Your answer should be the lines from the start of the records through the line with "63mm M6 Black", copied word for word.
-------------------------
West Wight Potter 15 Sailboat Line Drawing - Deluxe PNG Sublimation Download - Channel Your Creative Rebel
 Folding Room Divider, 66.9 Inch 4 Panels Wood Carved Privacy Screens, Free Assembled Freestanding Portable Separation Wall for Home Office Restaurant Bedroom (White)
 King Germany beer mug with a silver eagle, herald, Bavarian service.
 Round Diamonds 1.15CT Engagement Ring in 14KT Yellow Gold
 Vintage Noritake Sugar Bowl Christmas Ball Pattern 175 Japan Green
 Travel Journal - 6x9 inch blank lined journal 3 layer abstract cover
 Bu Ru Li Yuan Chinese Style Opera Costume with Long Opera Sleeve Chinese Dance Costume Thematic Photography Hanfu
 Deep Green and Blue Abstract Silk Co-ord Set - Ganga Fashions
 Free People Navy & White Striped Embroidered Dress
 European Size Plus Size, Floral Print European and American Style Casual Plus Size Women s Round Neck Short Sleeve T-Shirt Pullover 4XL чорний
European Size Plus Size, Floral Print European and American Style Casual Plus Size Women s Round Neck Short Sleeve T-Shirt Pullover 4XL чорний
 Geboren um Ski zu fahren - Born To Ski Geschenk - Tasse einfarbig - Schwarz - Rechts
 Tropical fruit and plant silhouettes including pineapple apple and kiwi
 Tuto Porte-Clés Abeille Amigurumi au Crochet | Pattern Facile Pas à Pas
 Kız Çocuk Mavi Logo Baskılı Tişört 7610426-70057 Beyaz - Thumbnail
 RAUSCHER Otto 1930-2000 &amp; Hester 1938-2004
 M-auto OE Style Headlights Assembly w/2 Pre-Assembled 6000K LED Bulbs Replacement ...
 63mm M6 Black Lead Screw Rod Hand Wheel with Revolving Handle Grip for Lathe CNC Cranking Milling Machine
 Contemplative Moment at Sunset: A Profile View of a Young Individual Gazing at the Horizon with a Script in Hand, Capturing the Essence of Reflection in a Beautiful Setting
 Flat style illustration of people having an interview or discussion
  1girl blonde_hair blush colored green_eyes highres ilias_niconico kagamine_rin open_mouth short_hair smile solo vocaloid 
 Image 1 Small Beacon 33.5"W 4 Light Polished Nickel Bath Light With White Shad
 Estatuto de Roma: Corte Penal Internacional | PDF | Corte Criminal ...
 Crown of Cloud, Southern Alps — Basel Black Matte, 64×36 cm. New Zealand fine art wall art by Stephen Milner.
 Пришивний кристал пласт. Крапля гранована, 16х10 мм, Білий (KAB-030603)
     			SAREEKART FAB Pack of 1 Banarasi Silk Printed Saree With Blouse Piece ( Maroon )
-------------------------
→ **Answer section**
West Wight Potter 15 Sailboat Line Drawing - Deluxe PNG Sublimation Download - Channel Your Creative Rebel
 Folding Room Divider, 66.9 Inch 4 Panels Wood Carved Privacy Screens, Free Assembled Freestanding Portable Separation Wall for Home Office Restaurant Bedroom (White)
 King Germany beer mug with a silver eagle, herald, Bavarian service.
 Round Diamonds 1.15CT Engagement Ring in 14KT Yellow Gold
 Vintage Noritake Sugar Bowl Christmas Ball Pattern 175 Japan Green
 Travel Journal - 6x9 inch blank lined journal 3 layer abstract cover
 Bu Ru Li Yuan Chinese Style Opera Costume with Long Opera Sleeve Chinese Dance Costume Thematic Photography Hanfu
 Deep Green and Blue Abstract Silk Co-ord Set - Ganga Fashions
 Free People Navy & White Striped Embroidered Dress
 European Size Plus Size, Floral Print European and American Style Casual Plus Size Women s Round Neck Short Sleeve T-Shirt Pullover 4XL чорний
European Size Plus Size, Floral Print European and American Style Casual Plus Size Women s Round Neck Short Sleeve T-Shirt Pullover 4XL чорний
 Geboren um Ski zu fahren - Born To Ski Geschenk - Tasse einfarbig - Schwarz - Rechts
 Tropical fruit and plant silhouettes including pineapple apple and kiwi
 Tuto Porte-Clés Abeille Amigurumi au Crochet | Pattern Facile Pas à Pas
 Kız Çocuk Mavi Logo Baskılı Tişört 7610426-70057 Beyaz - Thumbnail
 RAUSCHER Otto 1930-2000 &amp; Hester 1938-2004
 M-auto OE Style Headlights Assembly w/2 Pre-Assembled 6000K LED Bulbs Replacement ...
 63mm M6 Black Lead Screw Rod Hand Wheel with Revolving Handle Grip for Lathe CNC Cranking Milling Machine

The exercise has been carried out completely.